Analysis of Depth of Shade on Mercerized and Unmercerized Fabric among Different Woven Fabric Structures

Department of Textile Engineering, South East University, 251/A & 252, Tejgaon I/A, Dhaka 1208, Bangladesh

Received 23 June 2016; Accepted 21 August 2016

Academic Editor: Arunangshu Mukhopadhyay

Copyright © 2016 Md Shamim Alam. This is an open access article distributed under the Creative Commons Attribution License, which permits unrestricted use, distribution, and reproduction in any medium, provided the original work is properly cited.

Abstract

The main objective of this paper is to analyze and compare the color strengths of mercerized and unmercerized fabric among different fabric structures. In this research work Remazol reactive dye and three types of woven fabrics were used such as sheeting, sheeting, and herringbone. Spectrophotometer was used to find out the amount of dye which is fixed in the fabrics after soap wash. Three different woven fabrics were dyed with reactive dye (Remazol Red, Remazol Yellow, and Remazol Blue) using pad dyeing method. It was found that mercerized fabric had higher depth of shade under the same dye concentration. In case of shade A (0.5%) sheeting showed better color strength compared to other two structures but for shade B (1.5%) and shade C (4%) herringbone fabric showed better dye absorptive capacity than sheeting.

1. Introduction

Cotton fabrics are known to have been in use at least for 7000 years [1]. Today, cotton textiles represent more than half of the global textile market [2] and the demand is expected to continue [3]. This dominance of cotton fiber is mainly due to its natural comfort, performance, and appearance.

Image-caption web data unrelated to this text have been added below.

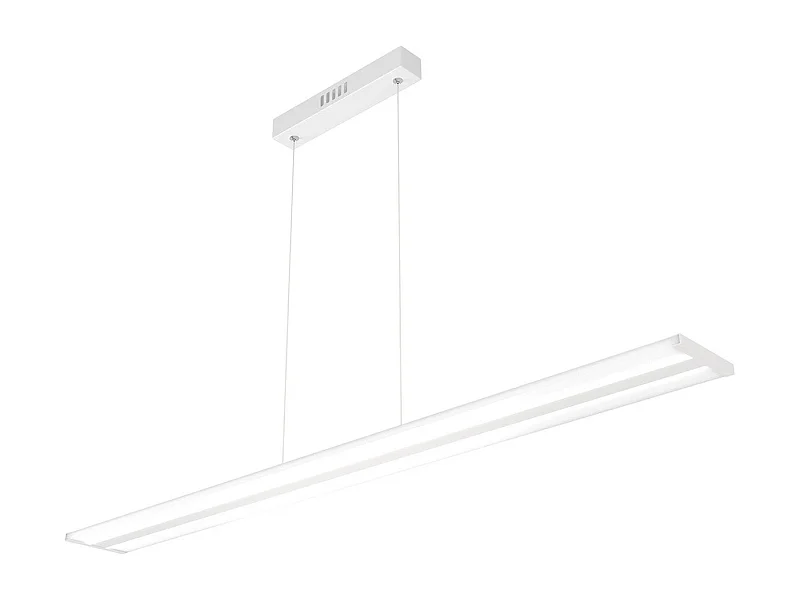 Sospensione Moderna Double Track Metallo Bianco E Diffusore Acrilico Led 40W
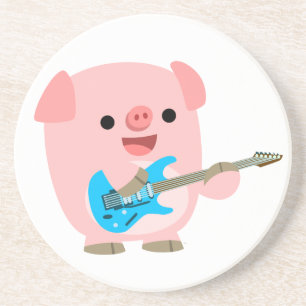 Cute Rockin' Tecknad Gris Underlägg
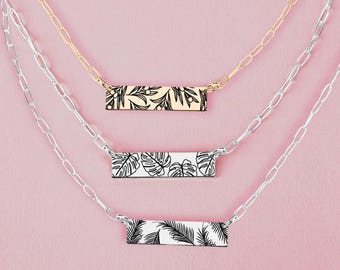 Plant Mama Bar Necklace | Houseplant Foliage Dainty Engraved Floral Necklace, Trending Popular Plants, Silver Gold, Rose, Plant Lover Gift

Preparation of cotton woven fabrics normally consists of singeing, desizing, scouring, and bleaching [4]. In most other cases, scouring and bleaching are the only preparation processes. For certain end uses, mercerizing is carried out. Singeing is the process of removing protruding fibers on the surface of the fabric. This process is omitted for certain end-use products such as flannel and velvet fabrics. Desizing is the process of removing the size on the most woven fabrics. Size is applied to reduce the frictional properties of warp yarns that improves weaving productivity by decreasing yarn breakages and increasing weft insertion speeds. Bleaching is done on cotton fabric to destroy the natural yellowish-brown colour of cotton fibers and the fibers’ color turns into pure white.

Mercerization of cotton fabric is common practice in the preparation process that enhances dye uptake and facilitates uniform dyeing in addition to improving dimensional stability, strength, and luster [5]. Changes in microstructure, morphology, and conformation of the cellulose chains also occur during mercerization. The extent of the changes that occur depends on the processing time, caustic concentration, temperature, degree of polymerization, and source of cellulose, slack or tension treatment, the degree of applied tension during the treatment, and physical state of cellulose [6].

Pad-batch dyeing process is the most economical of all pad dyeing processes for the reactive dyeing of cotton [7]. In fact, for small lots of around 1000–10,000 meters, this process is more economical than exhaust dyeing, mainly due to minimal energy requirements. This process involves padding the fabric with a dye solution containing a suitable alkali system and then winding up the padded fabric onto a suitable roller [8].

In this work, an attempt was made to investigate the effect of mercerization as well as to observe the effect of color strength on mercerized and unmercerized fabric among different fabric structures. Three fabric structures were dyed with three different shade % of Remazol reactive dye. Finally spectrophotometer was used to find out the strength of color on mercerized and unmercerized fabrics.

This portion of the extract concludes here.